MLS consolidation has been a major industry trend. RESO has helped as many MLSes use different terms for the same thing, or the same terms to mean different things. RESO is a major tool in MLS consolidation.
But MLSes won’t be the only things consolidating. With RESO fully implemented, the power of MLS data will be easier to access and interpret. It will be faster and more accurate. Big companies who spend money on technology (like Zillow, Corelogic, Realogy and others) will see benefits to having this information. They will be able to swiftly (and automatically) turn “data” into “information”, which is what consumers want. Information about their home, the market, local prices.
An even bigger impact will be that the quality and accessibility of data will allow the big players to refine their automated valuation models (AVMs) which we laugh at now (the never-accurate Zestimate, for example). The Zestimate will be getting a lot more accurate in the near future.
Bottom line is that real estate is that RESO’s foundation will allow the real estate industry to accelerate their innovation and technology products, likely leaving behind many agents who continue to ignore these trends.
Learn to Love Zestimates
- Hate the Zestimate? Get used to them. They’re not going anywhere.

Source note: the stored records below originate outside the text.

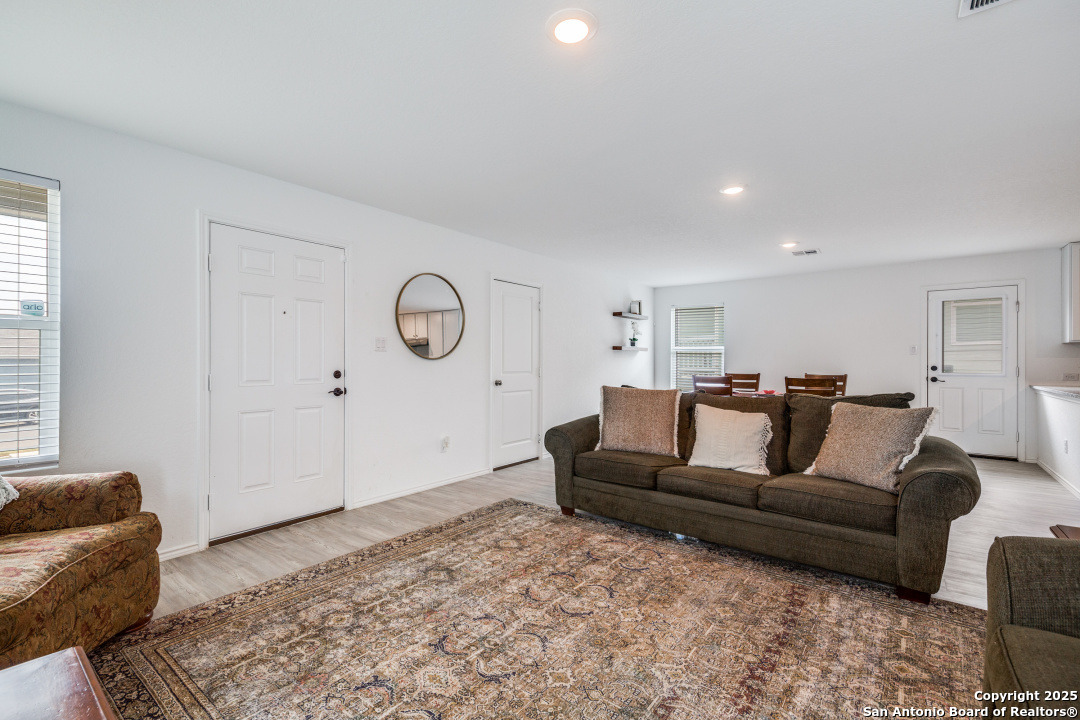 Residential Lease in Converse 4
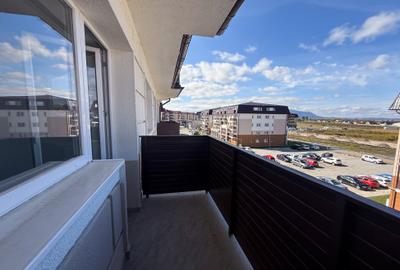 Apartament cu 2 camere semidecomandat în Sânpetru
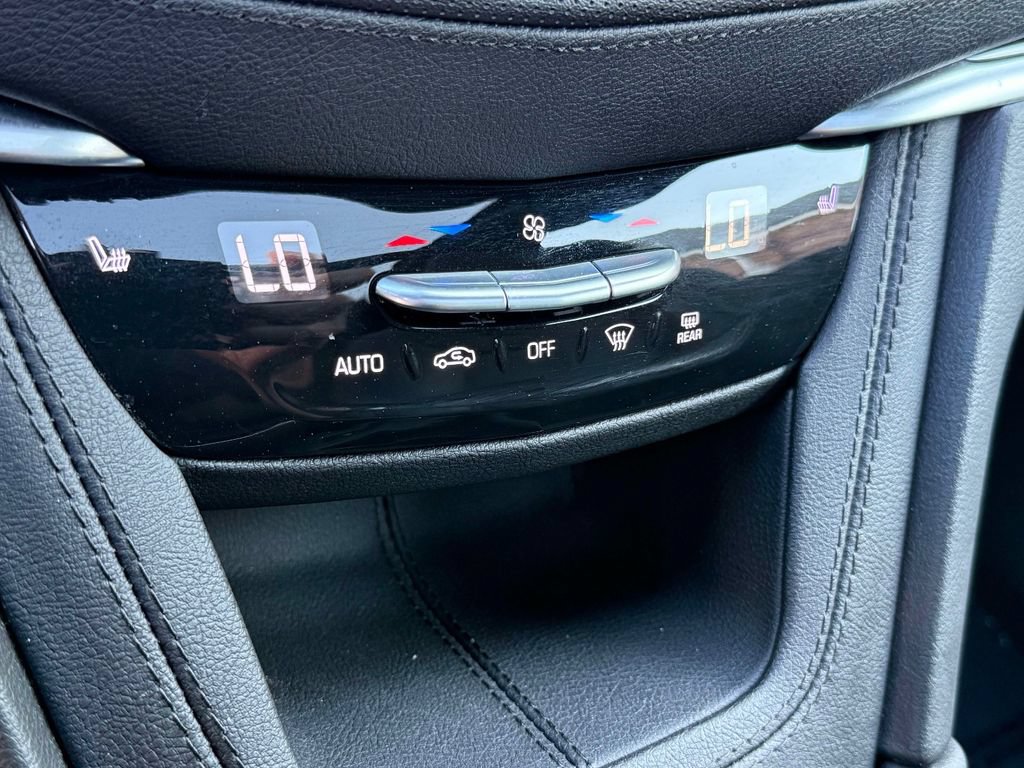 Used 2024 Cadillac XT5 Premium Luxury w/ Technology Package AWD/4WD image 28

- I predict CMAs will give way to AVMs in the next 10 years
- Real estate professionals need to prepare their business models for this disruption
I wrote a long time ago in Inman about the importance to me of attending the State conference. I always learn more that I can quickly implement into my business and improve myself and my service to buyers and sellers. There are always new things that affect me and my industry dramatically. That knowledge has made me a better Realtor.
2018’s convention will be in San Antonio.